Quizá haya muchas personas que por su indiferencia o ignorancia hacia la música sinfónica no lo sepan, así que conviene hacerles saber que contamos con una de las formaciones instrumentales más completas, virtuosas y brillantes de este país. Pueden sentirse orgullosos, aunque no practiquen; lo mismo que ocurre con Fernando Alonso aunque no guste la Fórmula 1. Con todo, media entrada.

El programa de ayer, patrocinado por LA NUEVA ESPAÑA, estaba dedicado a Beethoven y Schumann, ocupando la primera y segunda parte del concierto respectivamente. Algunas novedades en la orquesta, como el regreso de nuestro notable concertino, Alexander Vasilev, ausente en la última audición de la OSPA. Por el contrario echamos de menos a la primer violín Marta Menghini, aunque se incorporó a la orquesta tras el descanso.

La gran novedad en Gijón, puesto que en Oviedo estuvo al frente de la Orquesta Sinfónica en una sesión de ópera, la constituyó el director asturiano Pablo González. Alto, delgado, 38 años de edad, impecable dentro del frac. Actualmente es titular de la Orquesta Sinfónica de Barcelona y Nacional de Cataluña, lo que significa que su carrera es fulgurante. Ayer hizo un trabajo exquisito, aún mejor calzado con Beethoven que con Schumann, en mi humilde parecer. Tal vez sea cuestión de temperamentos; de todos es sabido el carácter complicado del alemán, sus desequilibrios mentales, aunque éstos, según dicen, únicamente se dejaron ver en algunas de sus piezas para piano. El resto de sus composiciones es sereno, organizado y melodioso, pero con una leve tendencia a la divagación.

Se inició el concierto con la obertura «Egmont», escrita por Beethoven junto a otras piezas para la tragedia teatral de Goethe. Es una música vigorosa, radiante, que Pablo González dirigió con enorme pasión. Sin batuta, sus manos hablan con elocuencia. Movía todo su cuerpo, se elevaba... Con aquellos zapatones, de un 45, mínimo, al ponerse de puntillas se erigía en gigante. Un gigante de sensibilidad y entrega.
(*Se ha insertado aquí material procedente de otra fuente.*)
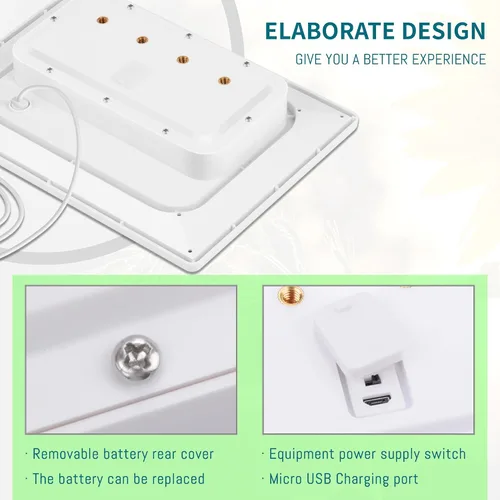 Miniatura 4 de Panel solar de 8 W integrado con batería SANYO de 13200 mAh para cámara de seguridad al aire libre, panel de cargador de enchufe 3 en 1 para cámara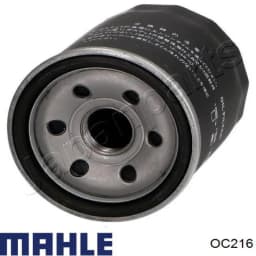 OC216 MAHLE Filtro de aceite original y equivalente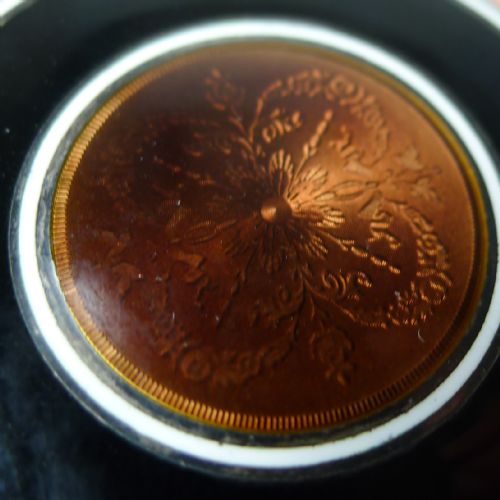STUNNING FRENCH SILVER GUILLOCHE ENAMEL PILL BOX - ADDITIONAL PHOTO 7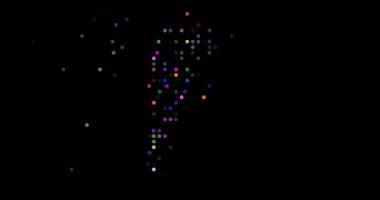 Animasyon Arjantin Haritası Düşen Noktalar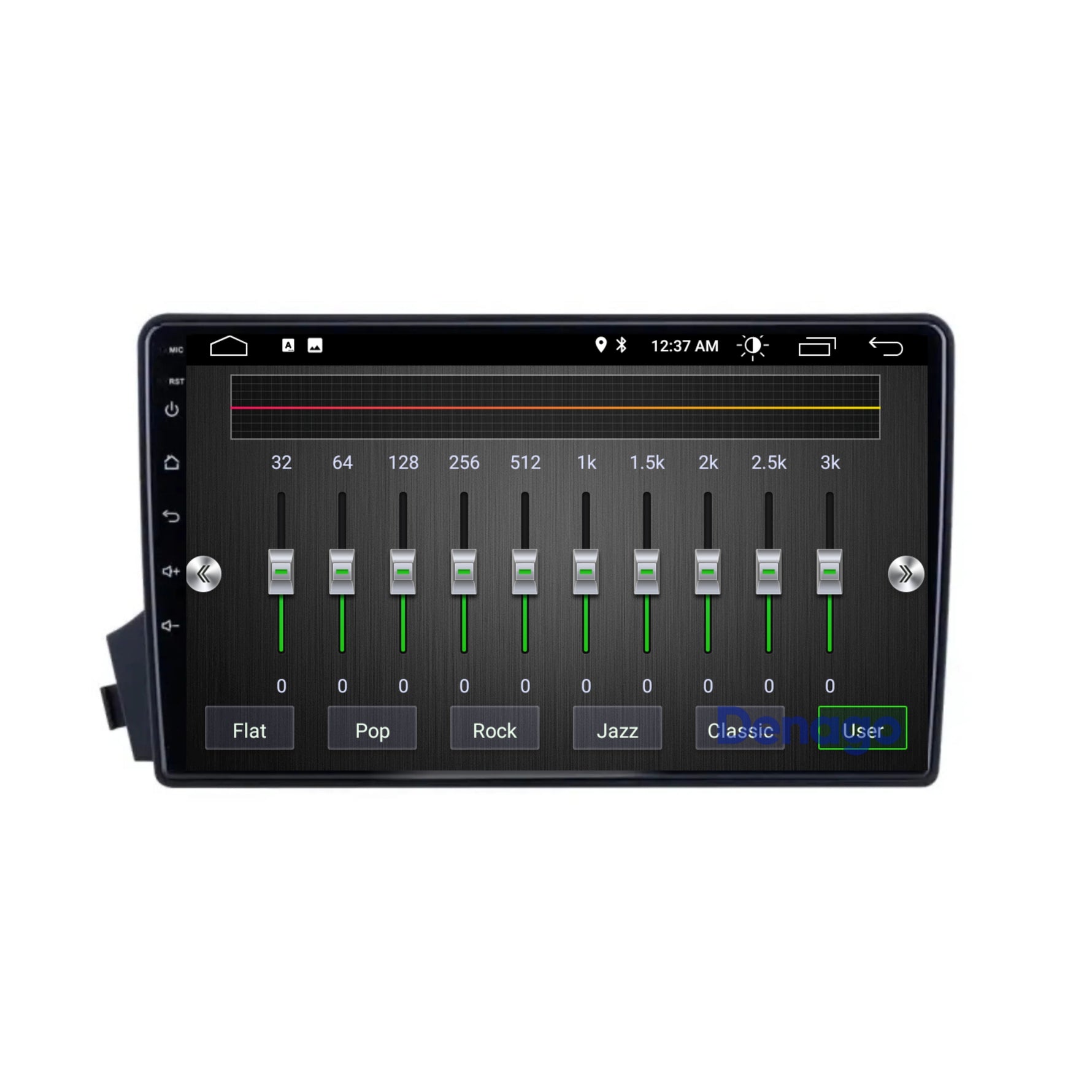 SsangYong Actyon CarPlay autoradio | 2005 t/m 2011 | Denago DNG-A250 | 9 inch | Android 13 | Draadloos CarPlay & Android Auto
En el «Concierto para piano nº 2 en si bemol», de Beethoven le salió un notable competidor: Alexander Melnikov. Otro gigante, éste sobre el piano. Su interpretación fue genial, me gustaría escuchar a un purista para que dijera qué podía faltarle para ser perfecta. Resolvió las dificultades de la partitura con una naturalidad rayana en el prodigio, con el mismo esfuerzo que hace servidora para revolver una bechamel. El público lo premió, premió a ambos, con una larguísima ovación.

En la «Sinfonía nº4 en re menor», de Schuman, en cinco movimientos, la energía está presente desde los primeros compases, y el ritmo pocas veces languidece. Pablo González hizo de ella una lectura exacta.